- Born: March 30, 1986 (age 40) Switzerland
- Occupations: writer, creative collaborator
- Spouse: Thomas Philip Naylor-Leyland ​ ​(m. 2011)​
- Children: 4
- Parent(s): Serena Fresson (mother) Paul Dawson (father)

= Alice Naylor-Leyland =

English socialite, brand collaborator, writer and business owner

Alice Naylor-Leyland (née Dawson; born March 30, 1986) is an English socialite, brand collaborator, writer and business owner.

== Early life ==
Naylor-Leyland was born in Switzerland and is the daughter of Paul Dawson and Serena Fresson. Naylor-Leyland grew up in London and went to Garden House Day School. Her parents divorced when she was two months old and she was raised by her mother, who is from Melbourne, Australia. She spent holidays with her father in Switzerland. She attended Heathfield School, a boarding school in Ascot. She studied history at Edinburgh University and fashion at Istituto Marangoni in London. Her mother later remarried and Naylor-Leyland took up residence in her stepfather's London hotel, 11 Cadogan Gardens.

== Career ==
Naylor-Leyland runs her own blog, Mrs.Alice, focusing on fashion, lifestyle, and motherhood. Her Instagram has over 110,000 followers. She is a contributing editor for American Vogue and Harper's Bazaar, writing articles on fashion, travel and lifestyle. In 2017 Naylor-Leyland partnered with Aerin Lauder to create a limited edition perfume called Garden Rose Eau de Cologne, inspired by Naylor-Leyland's rose garden. She has designed two shoe collections for the company French Sole.

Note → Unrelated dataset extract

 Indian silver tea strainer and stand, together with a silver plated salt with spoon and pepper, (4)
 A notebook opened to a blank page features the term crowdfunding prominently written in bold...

She also works as a brand collaborator with fashion brands like Tory Burch and Smythson.

Her interior design has been featured in Architectural Digest.

In November 2019 she launched her own interiors and tablescaping brand Mrs Alice in partnership with her mother Serena Fresson. The brand has collaborated on collections with a number of high profile designers and individuals including Marie Chantal of Greece, Tish Weinstock, Poppy Delevingne and Erin O'Connor.

== Personal life ==
Naylor-Leyland met her husband, Thomas Philip Naylor-Leyland, who is the son and heir of Sir Philip Naylor-Leyland, 4th Baronet, through their mutual friend Francis Richard Charteris, Lord Elcho, the son of James Charteris, 13th Earl of Wemyss, when she was seventeen years old at a party in Gloucestershire. They started dating when she was 21 and married when she was 24. They have four children: Billy, Nancy, Felix and Margot. Her husband is the heir to his father's baronetcy and estates, Nantclwyd Hall and Milton Hall. The couple currently reside at Stibbington House in Cambridgeshire, and a flat in Chelsea, London. Naylor-Leyland oversaw the renovation and restoration of Stibbington House, which has been in her husband's family since the 1970s.